Há muito tempo as animações deixaram de ser um gênero exclusivamente infantil. Seja pela técnica diferenciada ou mesmo pelas histórias criativas, este gênero tem conquistado um público cada vez maior – de todas as idades, do garotão de oito anos ao vovô de oitenta. O francês A Pequena Loja de Suicídios, que estreia essa semana no país, tem tudo para ser o típico desenho que agrada a todos – mas especialmente aos adultos apaixonados por este tipo de cinema.
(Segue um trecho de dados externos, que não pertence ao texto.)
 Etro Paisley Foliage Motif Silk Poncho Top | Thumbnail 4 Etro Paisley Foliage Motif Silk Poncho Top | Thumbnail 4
Baseada no romance homônimo de Jean Teulé, a história de A Pequena Loja de Suicídios se passa em mundo (não muito futuro) onde a depressão e a falta de esperança com a vida atingem praticamente toda a população. Nesse cenário cinzento, uma família sobrevive vendendo artigos que auxiliam as pessoas a cometerem suicídio. No entanto, o até então lucrativo negócio é ameaçado com o nascimento do filho caçula, que desde cedo demonstra ter um espírito feliz e alegre, contrastando com o restante da família que vive em completo estado de morbidez emocional.
O grande mérito de A Pequena Loja de Suicídios é tratar um tema tão delicado de forma sensível. Aqui, ocorre um paradoxo: a trama é contada através de números musicais – e mesmo se você despreza este gênero, fica uma dica: assista, pois vai ser difícil você sair do cinema sem ter gostado do longa. Assim como Tim Burton em A Noiva Cadáver ou O Estranho Mundo de Jack, o diretor e roteirista Patrice Leconte criou com bastante êxito uma alegoria musical que contraria tudo o que podíamos esperar de um filme com esta temática. Se em A Noiva Cadáver, por exemplo, Burton deu cor e vida ao mundo dos mortos enquanto o mundo dos vivos era frio e infeliz, Leconte canta sobre o suicídio de forma alegre e entusiasmada, enquanto na tela pessoas pulam dos prédios e se jogam na frente de caminhões (essa cena inicial já é, por si só, um espetáculo).
As músicas crescem no decorrer da história e ainda que o filme possua muitas cenas perturbadoras, as canções, que no início eram tristes e melancólicas, tornam-se mais otimistas. Essa mudança gradual é fruto de um roteiro muito rápido e inteligente, marcado por um muito humor ácido – não exagerado, mas na medida certa para arrancar boas risadas. Além disso, o filme trabalha com contrastes: em meio à morbidez latente do início do filme, por exemplo, o que mais incomoda é o sorriso da criança recém-nascida. Os pais tentam a todo custo “consertar” o filho, ensinando-lhe que não há motivos para sorrir em meio a uma existência tão triste. O problema é que a felicidade do garoto aos poucos contagia a todos (da família aos moradores da cidades) – e tudo o que o garoto mais deseja é mudar aquele cenário catastrófico.
Apesar do desfecho óbvio (e da enrolação para chegar a tal), é de se elogiar a criatividade da obra para abordar um tema tão sério e necessário. Em um mundo onde a taxa de suicídios cresce exponencialmente, A Pequena Loja de Suicídios se sobressai como um musical trágico-cômico que perturba e gera um interessante debate. E para aqueles que dizem que este filme não deve ser assistido por crianças (dada a morbidez da história), fico apenas com uma frase que é dita ao longo da trama: a vida é sempre melhor que a morte.